─── Given data
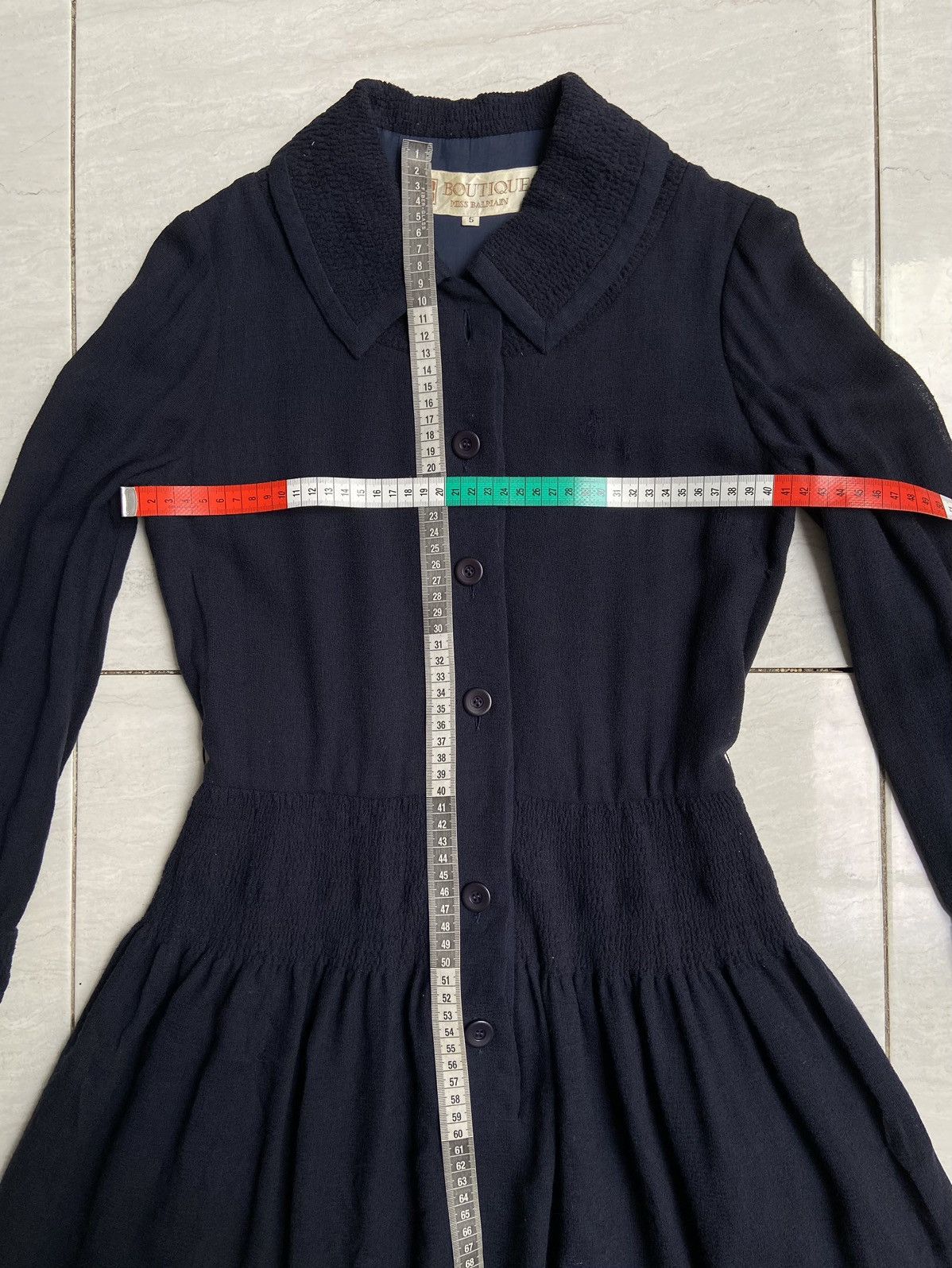 Balmain × Pierre Balmain MISS BALMAIN Navy Dress Size XS / US 0-2 / IT 36-38 - 3 Thumbnail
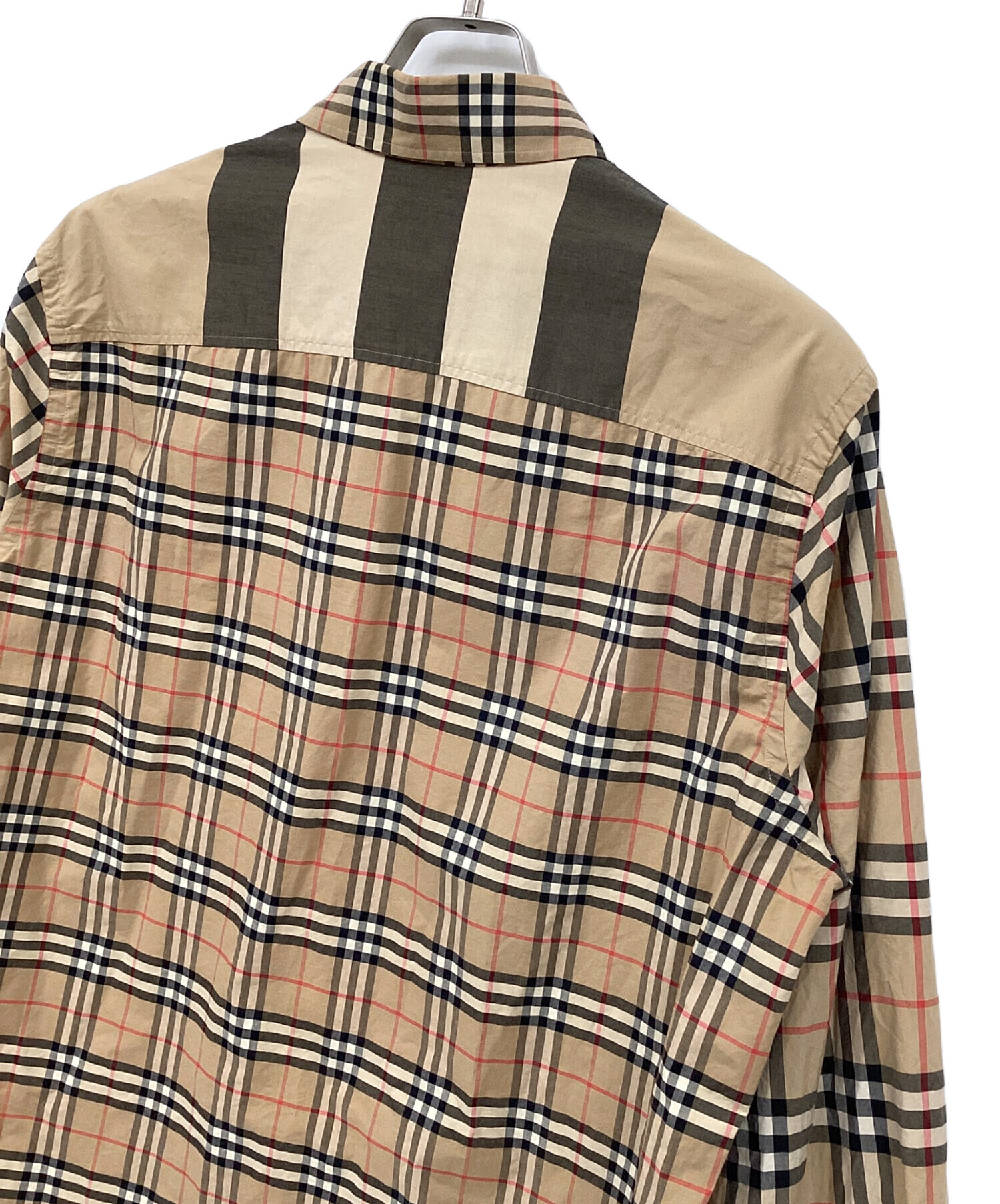 中古・古着通販】BURBERRY (バーバリー) ノバチェックパッチワーク
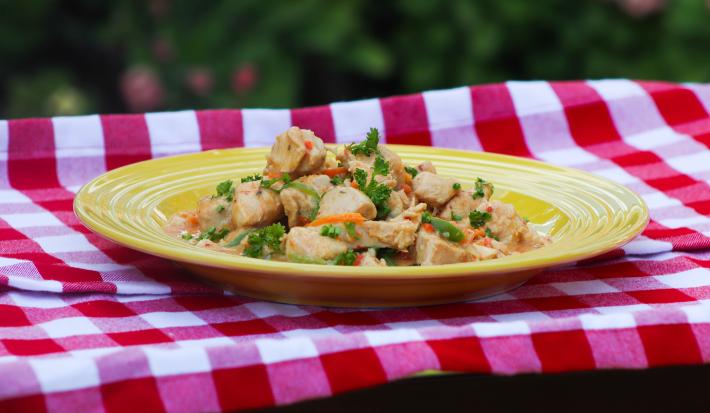 Stir Fried Chicken in Coconut Cream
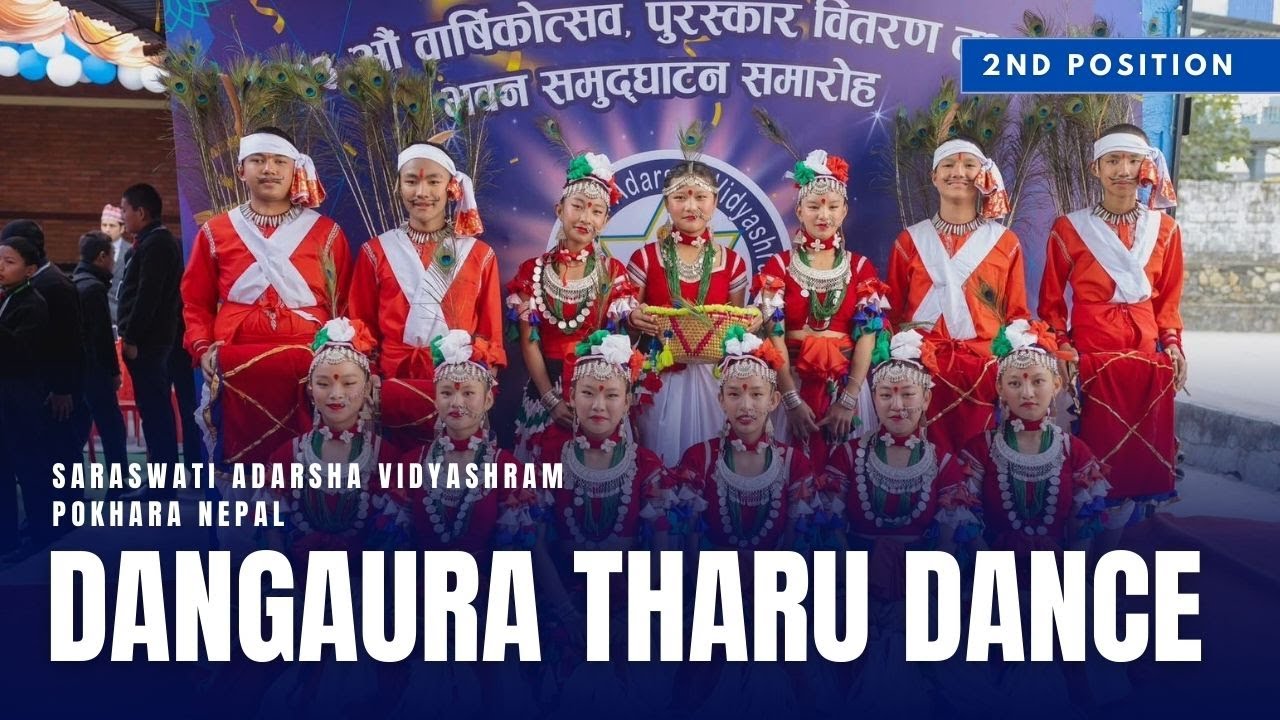 Dangaura Tharu Dance // saraswati adarsha vidyashram pokhara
──────
#### Work required:
The copy should begin at the line containing "Stir Fried Chicken in Coconut Cream" and end at the last line of the data above; please restate those lines word for word without the pictures.

#### Response box:
 Stir Fried Chicken in Coconut Cream
 Dangaura Tharu Dance // saraswati adarsha vidyashram pokhara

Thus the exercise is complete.